Raincloud plots: a multi-platform tool for robust data visualization
Preprint posted on August 23, 2018 https://peerj.com/preprints/27137v1/
The importance of data representation and visualisation cannot be overstated. The way in which data is represented affects how we interpret data, and thus what conclusions we draw from them. Commonly used methods of visualising data, such as bar plots and box plots, fail to adequately represent the distribution of the data. These are increasingly replaced with alternative visualisations, such as violin plots, which contain both a box plot together with the probability density function. Allen et al. introduce a new means of data visualisation, the raincloud plot, which elegantly displays probability density, raw data points and a visualisation of standard tendency (such as a box plot).
Figure 4 of the preprint: Raincloud plots
Raincloud plots immediately remind me of violin plots, as they do have the very elements that constitute a violin plot – the probability density function and the box plot. Naturally, the former is useful for clearly visualising how data is distributed, while the latter summarises important statistical information, such as the median and quartiles. However, the raincloud plot also includes raw jittered data points, which can provide important information about outliers and unexpected patterns in the data. By combining these three elements, the raincloud plot displays the data clearly.
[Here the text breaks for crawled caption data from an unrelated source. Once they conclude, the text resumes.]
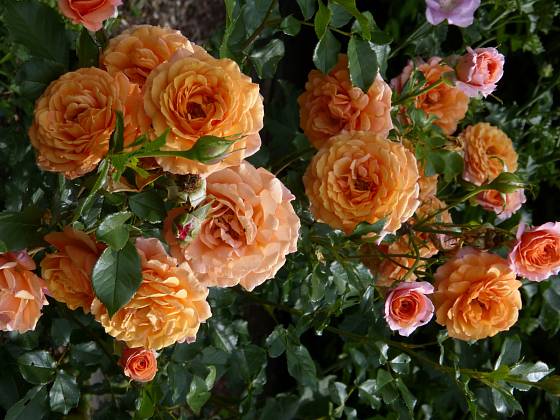 Keřová růže Lambada patří k těm vzrůstnějším. Díky výrazné oranžové barvě vynikne jako solitéra nebo dominantní vyšší keř ve smíšeném záhonu. Lze ji zakomponovat i do kvetoucího živého plotu
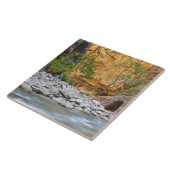 Carreau Zion Narrows (Côté)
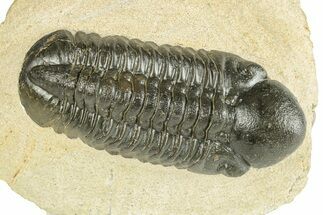 Prone Reedops Trilobite - Atchana, Morocco #255594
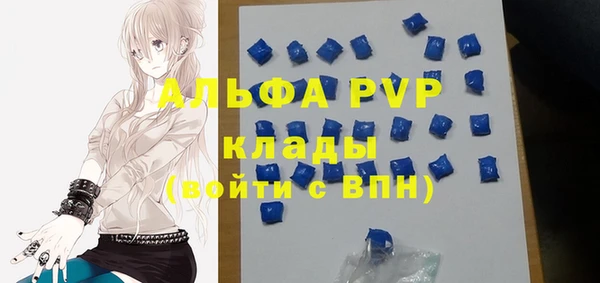амф Богданович
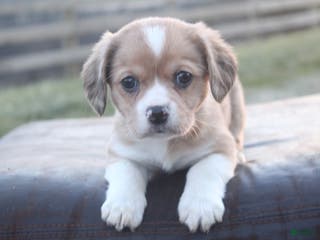 Mixed Breed dogs Layna - Ad 5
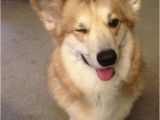 Corgi Birthday Meme 10 Funny Corgi Memes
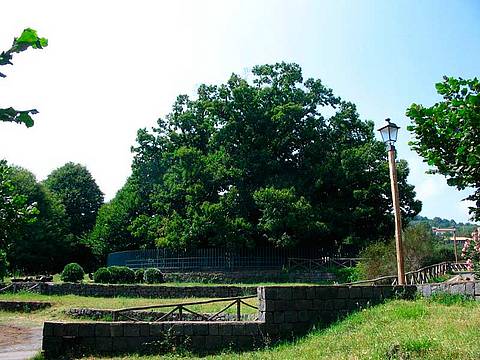 Castagno dei Cento Cavalli – Sant’Alfio, Etna (Foto: LuckyLisp / Wikimedia Commons – Licenza CC BY-SA 3.0)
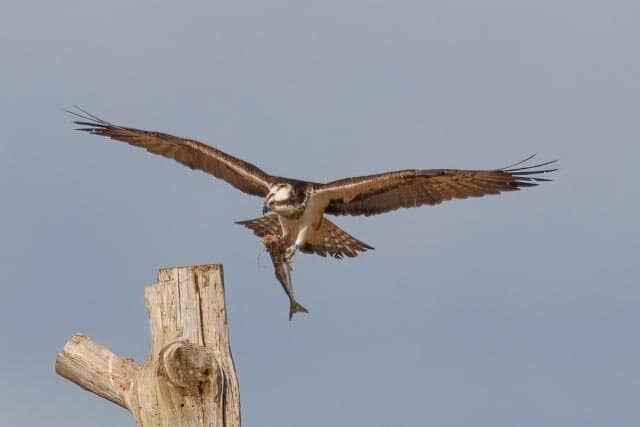 Peat Bog & Marshland
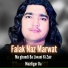 Falak Naz Marwat
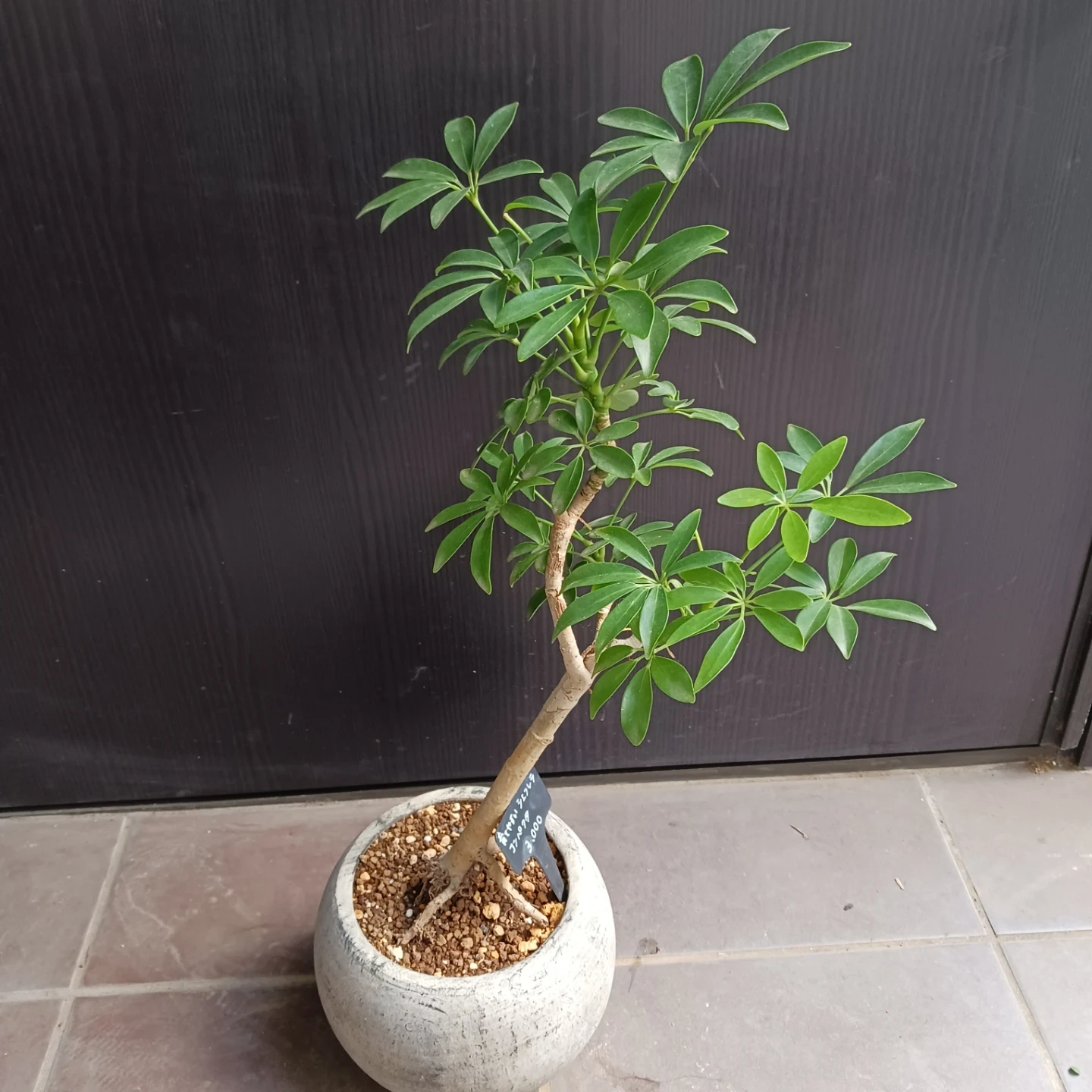 シェフレラコンパクタ 5号相当 観葉植物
The authors provide code, documentation and even tutorials for the creation and customisation of raincloud plots in R, Python and Matlab.
What I like about this work
Research deals with increasingly larger datasets, and clear visualisation of such data is crucial in understanding and drawing conclusions from the data. I think raincloud plots are a wonderful and strong tool for data visualisation – they are simple and elegant, and yet display a large amount of information in a non-redundant manner. I also appreciate the fact that they are flexible – different elements of the raincloud plot can be included or excluded based on the data that one has, and this is clearly outlined in the tutorial.
I am a supporter of open source and open data, and am thrilled that the code has been made available to all, with interactive tutorials provided in R and Python. It would be ideal for all papers containing statistical datasets to be accompanied by the raw data, but I see raincloud plots as a close second – the jittered raw data, in the form of ‘rain’, reveals almost everything one could have from the raw data.
Questions for the authors
- Where did the inspiration for this project come from?
- How have raincloud plots been received by the scientific community? Have many people tried it out, and what is the general feedback you’ve received?
- Do you have any thoughts on the alternatives to null hypothesis significance testing (e.g. t-tests) that could accompany your raincloud plots?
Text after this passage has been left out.